The boy's throat tightened. That was not the comforting lie the stories promised.

"But," she added quietly, "if such a chance ever appears in front of you—no matter how small, no matter how narrow—I know you." She tapped his forehead lightly. "You won't pretend not to see it."

"That doesn't make me stronger," he whispered.

"No," she agreed. "It just means you'll walk until your legs give out, if you decide it matters."

Her hand lifted from his chest. The blanket rose back over his shoulders, tucking him in like a shield against the night.

"Sleep, Shen."

She slid the door-panel closed behind her.

The murmur of voices resumed in the other room, low as the river at the edge of the fields.

He lay in the dark, eyes open, listening to the wind claw at the walls.

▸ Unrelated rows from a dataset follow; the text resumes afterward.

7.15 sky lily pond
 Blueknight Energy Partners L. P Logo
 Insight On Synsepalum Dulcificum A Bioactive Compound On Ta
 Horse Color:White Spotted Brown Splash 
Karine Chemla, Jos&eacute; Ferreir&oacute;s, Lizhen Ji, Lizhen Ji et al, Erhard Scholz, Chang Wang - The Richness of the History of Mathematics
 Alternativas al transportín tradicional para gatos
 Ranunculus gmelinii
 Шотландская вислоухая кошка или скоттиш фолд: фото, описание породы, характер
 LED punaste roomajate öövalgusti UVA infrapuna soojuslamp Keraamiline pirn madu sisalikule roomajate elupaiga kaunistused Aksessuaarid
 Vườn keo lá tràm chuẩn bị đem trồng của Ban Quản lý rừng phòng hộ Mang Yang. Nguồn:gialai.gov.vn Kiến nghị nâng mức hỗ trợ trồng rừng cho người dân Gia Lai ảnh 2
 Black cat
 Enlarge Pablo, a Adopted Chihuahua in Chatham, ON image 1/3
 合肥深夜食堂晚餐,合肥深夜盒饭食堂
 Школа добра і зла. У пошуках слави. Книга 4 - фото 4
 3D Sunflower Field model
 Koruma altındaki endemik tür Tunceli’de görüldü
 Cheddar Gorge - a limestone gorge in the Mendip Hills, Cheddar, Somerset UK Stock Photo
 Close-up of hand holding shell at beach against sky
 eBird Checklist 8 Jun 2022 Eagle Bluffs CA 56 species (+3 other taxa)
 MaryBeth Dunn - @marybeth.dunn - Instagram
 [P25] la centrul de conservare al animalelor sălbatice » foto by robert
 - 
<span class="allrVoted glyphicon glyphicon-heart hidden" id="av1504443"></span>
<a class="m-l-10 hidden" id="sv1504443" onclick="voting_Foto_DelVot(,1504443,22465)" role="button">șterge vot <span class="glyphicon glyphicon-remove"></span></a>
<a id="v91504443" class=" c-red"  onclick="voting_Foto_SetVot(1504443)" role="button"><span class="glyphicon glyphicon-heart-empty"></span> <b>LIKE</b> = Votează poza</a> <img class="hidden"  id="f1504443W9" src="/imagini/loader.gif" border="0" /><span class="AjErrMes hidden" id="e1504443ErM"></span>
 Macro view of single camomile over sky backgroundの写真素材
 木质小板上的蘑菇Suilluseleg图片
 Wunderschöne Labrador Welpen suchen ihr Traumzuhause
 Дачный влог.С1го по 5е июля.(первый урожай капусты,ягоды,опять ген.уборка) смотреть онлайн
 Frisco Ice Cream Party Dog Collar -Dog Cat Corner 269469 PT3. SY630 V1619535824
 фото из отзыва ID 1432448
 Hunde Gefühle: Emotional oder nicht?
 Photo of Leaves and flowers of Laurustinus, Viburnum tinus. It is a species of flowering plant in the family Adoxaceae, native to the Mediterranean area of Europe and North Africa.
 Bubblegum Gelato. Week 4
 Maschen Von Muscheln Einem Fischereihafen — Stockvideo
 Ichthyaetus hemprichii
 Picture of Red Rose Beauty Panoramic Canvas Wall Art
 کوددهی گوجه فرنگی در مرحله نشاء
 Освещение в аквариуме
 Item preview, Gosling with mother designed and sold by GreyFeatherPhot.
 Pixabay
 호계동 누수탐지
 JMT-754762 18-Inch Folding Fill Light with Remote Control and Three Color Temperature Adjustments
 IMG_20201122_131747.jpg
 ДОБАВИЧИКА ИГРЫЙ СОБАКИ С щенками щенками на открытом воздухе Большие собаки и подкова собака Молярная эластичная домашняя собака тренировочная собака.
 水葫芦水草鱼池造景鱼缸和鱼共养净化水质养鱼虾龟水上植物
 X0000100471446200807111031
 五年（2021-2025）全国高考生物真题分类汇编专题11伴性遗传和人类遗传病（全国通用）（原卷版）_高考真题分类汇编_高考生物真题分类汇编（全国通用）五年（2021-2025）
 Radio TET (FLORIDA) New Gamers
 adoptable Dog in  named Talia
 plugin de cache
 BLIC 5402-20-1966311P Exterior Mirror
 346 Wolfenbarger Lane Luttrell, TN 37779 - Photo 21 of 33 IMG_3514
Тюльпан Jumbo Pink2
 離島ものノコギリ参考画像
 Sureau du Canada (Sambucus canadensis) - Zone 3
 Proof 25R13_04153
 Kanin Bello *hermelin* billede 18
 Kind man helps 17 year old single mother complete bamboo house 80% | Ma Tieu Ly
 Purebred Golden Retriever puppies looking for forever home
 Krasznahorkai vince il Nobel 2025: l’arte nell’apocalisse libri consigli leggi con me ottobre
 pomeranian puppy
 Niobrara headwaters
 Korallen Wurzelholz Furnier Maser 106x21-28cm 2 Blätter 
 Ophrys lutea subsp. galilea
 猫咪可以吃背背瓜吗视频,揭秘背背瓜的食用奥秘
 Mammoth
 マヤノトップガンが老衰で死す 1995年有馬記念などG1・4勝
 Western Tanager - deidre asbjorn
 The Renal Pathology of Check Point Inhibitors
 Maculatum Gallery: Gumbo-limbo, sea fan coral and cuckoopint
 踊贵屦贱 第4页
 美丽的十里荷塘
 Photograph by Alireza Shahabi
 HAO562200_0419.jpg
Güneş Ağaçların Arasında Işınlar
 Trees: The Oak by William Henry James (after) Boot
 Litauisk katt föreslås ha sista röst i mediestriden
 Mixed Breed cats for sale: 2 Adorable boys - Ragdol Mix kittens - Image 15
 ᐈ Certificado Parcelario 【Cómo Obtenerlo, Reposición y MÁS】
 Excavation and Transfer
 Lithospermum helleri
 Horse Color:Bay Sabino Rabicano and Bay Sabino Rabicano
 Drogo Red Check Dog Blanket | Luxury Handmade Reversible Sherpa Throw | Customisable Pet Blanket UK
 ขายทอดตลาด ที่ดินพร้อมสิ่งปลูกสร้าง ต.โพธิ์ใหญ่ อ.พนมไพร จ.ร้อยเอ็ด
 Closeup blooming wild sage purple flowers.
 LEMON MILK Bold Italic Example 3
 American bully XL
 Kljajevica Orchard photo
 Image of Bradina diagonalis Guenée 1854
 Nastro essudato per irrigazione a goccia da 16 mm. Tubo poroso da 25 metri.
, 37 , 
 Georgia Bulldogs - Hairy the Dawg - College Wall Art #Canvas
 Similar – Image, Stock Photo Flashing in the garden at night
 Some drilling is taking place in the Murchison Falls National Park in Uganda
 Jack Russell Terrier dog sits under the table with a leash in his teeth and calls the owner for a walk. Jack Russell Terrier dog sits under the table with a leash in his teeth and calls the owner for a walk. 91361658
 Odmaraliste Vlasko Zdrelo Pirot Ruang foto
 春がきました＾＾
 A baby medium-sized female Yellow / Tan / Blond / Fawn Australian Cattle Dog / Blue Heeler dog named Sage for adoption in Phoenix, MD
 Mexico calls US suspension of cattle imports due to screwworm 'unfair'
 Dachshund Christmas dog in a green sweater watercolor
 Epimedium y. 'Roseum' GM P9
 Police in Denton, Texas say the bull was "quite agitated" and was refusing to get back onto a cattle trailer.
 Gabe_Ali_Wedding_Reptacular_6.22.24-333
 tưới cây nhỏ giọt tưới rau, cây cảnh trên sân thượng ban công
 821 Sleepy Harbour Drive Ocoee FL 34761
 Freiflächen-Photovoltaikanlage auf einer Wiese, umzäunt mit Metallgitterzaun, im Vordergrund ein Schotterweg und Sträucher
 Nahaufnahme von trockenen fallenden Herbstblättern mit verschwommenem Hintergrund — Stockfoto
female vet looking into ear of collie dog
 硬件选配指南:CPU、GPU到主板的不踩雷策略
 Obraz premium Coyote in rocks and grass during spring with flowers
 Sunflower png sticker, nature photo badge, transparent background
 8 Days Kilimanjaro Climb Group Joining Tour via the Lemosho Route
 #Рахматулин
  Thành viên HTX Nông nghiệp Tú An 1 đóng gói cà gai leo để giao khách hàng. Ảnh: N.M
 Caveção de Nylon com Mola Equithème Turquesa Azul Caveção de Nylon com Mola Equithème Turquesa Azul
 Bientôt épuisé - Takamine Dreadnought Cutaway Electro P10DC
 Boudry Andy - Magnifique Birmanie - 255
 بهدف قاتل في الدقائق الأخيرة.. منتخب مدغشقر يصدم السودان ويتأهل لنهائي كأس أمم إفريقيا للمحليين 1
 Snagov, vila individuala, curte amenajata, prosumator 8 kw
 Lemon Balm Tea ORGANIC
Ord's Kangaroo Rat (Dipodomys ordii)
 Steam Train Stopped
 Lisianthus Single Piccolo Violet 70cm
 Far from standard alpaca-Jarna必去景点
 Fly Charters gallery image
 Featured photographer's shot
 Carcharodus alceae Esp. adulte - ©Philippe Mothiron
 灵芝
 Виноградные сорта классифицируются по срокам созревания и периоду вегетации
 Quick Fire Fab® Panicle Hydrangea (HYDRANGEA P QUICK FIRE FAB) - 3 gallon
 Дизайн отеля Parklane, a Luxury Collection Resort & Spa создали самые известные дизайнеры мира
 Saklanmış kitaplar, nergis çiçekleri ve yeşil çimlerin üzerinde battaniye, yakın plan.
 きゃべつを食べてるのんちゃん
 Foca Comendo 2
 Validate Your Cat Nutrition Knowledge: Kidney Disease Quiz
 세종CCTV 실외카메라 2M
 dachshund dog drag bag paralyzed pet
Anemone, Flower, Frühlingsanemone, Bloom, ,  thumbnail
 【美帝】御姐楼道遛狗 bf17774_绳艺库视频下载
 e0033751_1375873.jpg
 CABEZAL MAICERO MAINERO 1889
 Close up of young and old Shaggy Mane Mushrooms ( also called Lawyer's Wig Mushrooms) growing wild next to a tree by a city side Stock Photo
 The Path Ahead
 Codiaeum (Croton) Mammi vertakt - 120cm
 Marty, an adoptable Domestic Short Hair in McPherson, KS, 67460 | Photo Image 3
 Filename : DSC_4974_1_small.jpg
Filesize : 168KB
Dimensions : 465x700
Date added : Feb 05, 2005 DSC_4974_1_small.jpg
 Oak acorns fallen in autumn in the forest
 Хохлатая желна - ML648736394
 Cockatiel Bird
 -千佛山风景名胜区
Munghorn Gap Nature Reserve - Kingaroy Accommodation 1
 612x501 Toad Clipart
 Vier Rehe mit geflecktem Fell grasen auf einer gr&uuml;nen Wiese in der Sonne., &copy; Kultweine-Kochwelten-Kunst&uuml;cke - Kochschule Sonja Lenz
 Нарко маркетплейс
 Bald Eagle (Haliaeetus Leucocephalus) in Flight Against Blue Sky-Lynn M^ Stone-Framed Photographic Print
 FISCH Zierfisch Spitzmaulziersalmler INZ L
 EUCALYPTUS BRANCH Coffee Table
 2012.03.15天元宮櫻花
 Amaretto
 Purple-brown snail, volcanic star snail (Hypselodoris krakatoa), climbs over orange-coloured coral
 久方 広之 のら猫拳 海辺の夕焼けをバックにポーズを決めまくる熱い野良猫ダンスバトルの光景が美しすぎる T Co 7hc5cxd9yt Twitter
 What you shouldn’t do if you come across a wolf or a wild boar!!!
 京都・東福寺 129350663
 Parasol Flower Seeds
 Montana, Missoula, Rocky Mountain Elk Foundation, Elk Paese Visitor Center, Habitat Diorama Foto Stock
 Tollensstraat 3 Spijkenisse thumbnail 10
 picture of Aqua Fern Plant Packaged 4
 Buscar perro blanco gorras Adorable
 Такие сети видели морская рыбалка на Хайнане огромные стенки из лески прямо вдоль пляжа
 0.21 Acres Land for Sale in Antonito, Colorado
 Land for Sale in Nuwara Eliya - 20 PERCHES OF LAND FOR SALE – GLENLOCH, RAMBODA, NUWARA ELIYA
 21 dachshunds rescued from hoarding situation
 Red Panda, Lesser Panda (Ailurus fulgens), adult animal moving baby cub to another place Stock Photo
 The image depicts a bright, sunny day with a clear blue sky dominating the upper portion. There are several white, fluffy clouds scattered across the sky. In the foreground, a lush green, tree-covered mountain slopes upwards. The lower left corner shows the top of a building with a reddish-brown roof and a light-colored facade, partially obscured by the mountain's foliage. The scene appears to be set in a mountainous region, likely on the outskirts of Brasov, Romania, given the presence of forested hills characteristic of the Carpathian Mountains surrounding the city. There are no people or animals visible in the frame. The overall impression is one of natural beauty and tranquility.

Somewhere at the edge of the village, a half-broken cultivator clung to life because of a trickle of Qi no sect would ever consider worth grooming. Somewhere beyond the hills, in cities he had never seen, people with far more power than that guard chose who to raise and who to abandon.

He knew none of the details.

All he knew was this:

The world was large.

His house was small.

His parents were still in the next room.

And on a mat in a crooked hut, a man who had climbed the first step of a great path lay closer to death than anyone in this house tonight.

His eyes closed slowly.

Sleep came—not gentle, but heavy, like a door pushed shut on a room full of questions he had only just learned how to ask.

Outside, beneath the pale wind, the village endured.